Increasing the update interval increases latency but decreases CPU usage as there is a CPU overhead associated with each update.
KCP allows you to enable and configure a technique known as erasure coding.
Enabling erasure coding increases the average bandwidth overhead associated with delivering each packet. This is because enabling erasure coding results in additional, redundant packets being sent along with those packets containing game data. In general, Noriginal consecutive “original” packets and Nrecovery subsequent recovery packets are grouped into a batch. The size of each recovery packet is equal to the size of the largest original packet in that particular batch. Erasure coding is therefore most bandwidth-efficient when “original” packets are similar in size (for example, when most packets are fixed size position updates).
The benefit is that all the original data encoded within that batch can be recovered, provided that Noriginal packets arrive from the batch of Noriginal + Nrecovery packets.
This can help to significantly decrease worst-case latency on unreliable networks which experience packet loss. In fact, varying the ratio of “recovery” packets to “original” packets is one of the most direct ways you can trade off bandwidth overhead vs. latency.

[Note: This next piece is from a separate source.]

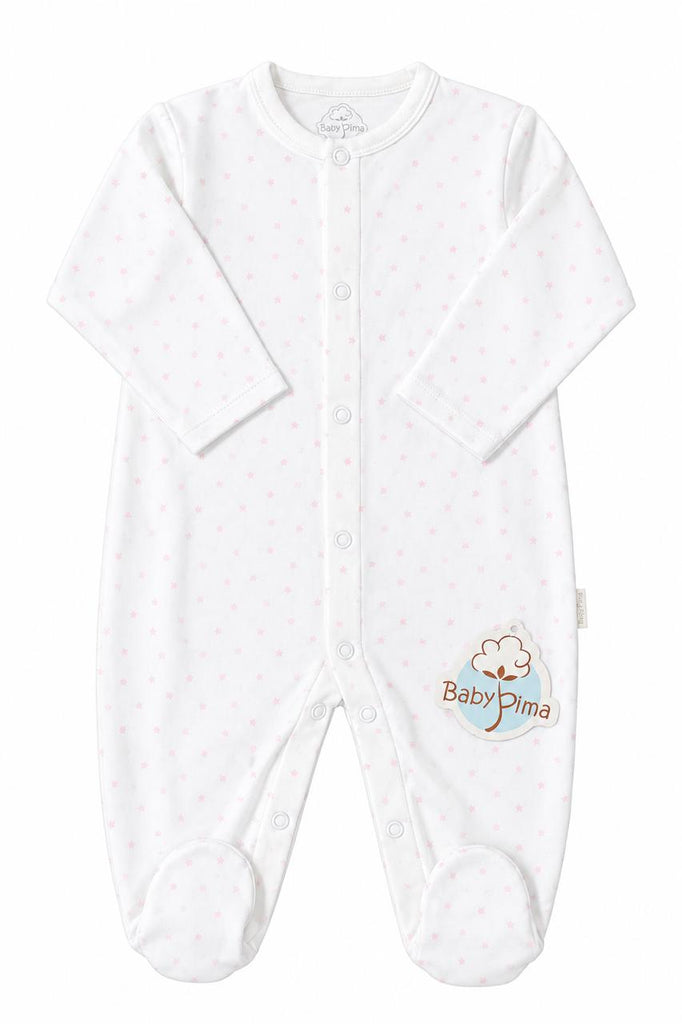 White pajama with pink stars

You can use metrics to see what benefit erasure coding is providing for your worker and tweak your parameters accordingly. One of the following metrics will be incremented for each batch according to the given conditions:
erasure_coding_completed_batches: Ndelivered == (Noriginal + Nrecovery)

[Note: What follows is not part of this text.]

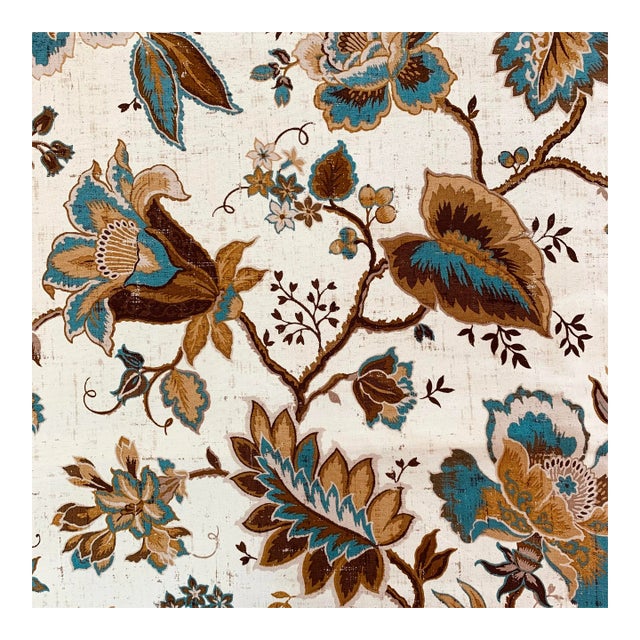 P Kaufmann Waverly Brown Cream Teal Tan Botanical Jacobean Leaf Vine Fabric Sample For Sale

erasure_coding_recovered_batches: Noriginal <= Ndelivered < (Noriginal + Nrecovery)
erasure_coding_unrecoverable_batches: Ndelivered < Noriginal
The receiving end of the erasure codec records these metrics. Therefore, they correspond to the downstream traffic from Runtime to worker. In general, the higher the number of recovered batches compared to complete or unrecoverable batches, the more value erasure coding is providing.
A batch is only deemed unrecoverable if it is the oldest batch currently being held in memory for which the data has not yet been recovered. You can increase the window size parameter (specified in number of batches) to increase the average length of time an incomplete batch is kept in memory. This will increase memory usage but may improve the chance of a batch being recovered later if one of its packets was delayed.
Looking at raw packet loss statistics may help you to configure the erasure codec. KCP reports a histogram metric called
kcp_packet_send_count. If a packet has been sent more than once, it implies that the packet has been detected as lost. You can derive the overall percentage of packets which have been detected as lost from this metric. The metric is currently only reported via metrics ops.
TCP allows you to optionally enable TCP_NODELAY, a TCP-specific option to disable Nagle’s algorithm. Nagle’s algorithm artificially delays and merges outgoing small packets to reduce bandwidth overhead. Therefore, enabling TCP_NODELAY decreases latency but increases bandwidth overhead.
If a client-worker loses contact with the Runtime for whatever reason (such as the internet connection being lost), you may want to know so that you can inform the user.
You can configure how quickly a connection is deemed to have lost connectivity by setting
HeartbeatParameters on your client-worker for RakNet or KCP respectively. There is currently no equivalent parameter for TCP. These options determine the maximum time after which the network connection should receive an acknowledgement for a heartbeat message it sends to check whether the Runtime is still responding to it. If the timeout expires, the worker’s connection receives a disconnect op.
You should try to pick a timeout which minimizes the number of false positives (detecting a connection is broken when there is temporary congestion, for example) since the connection will be automatically closed when a heartbeat times out. The value of the timeout you choose will probably depend on factors such as how acceptable the user’s experience is when there is a temporary loss of connectivity.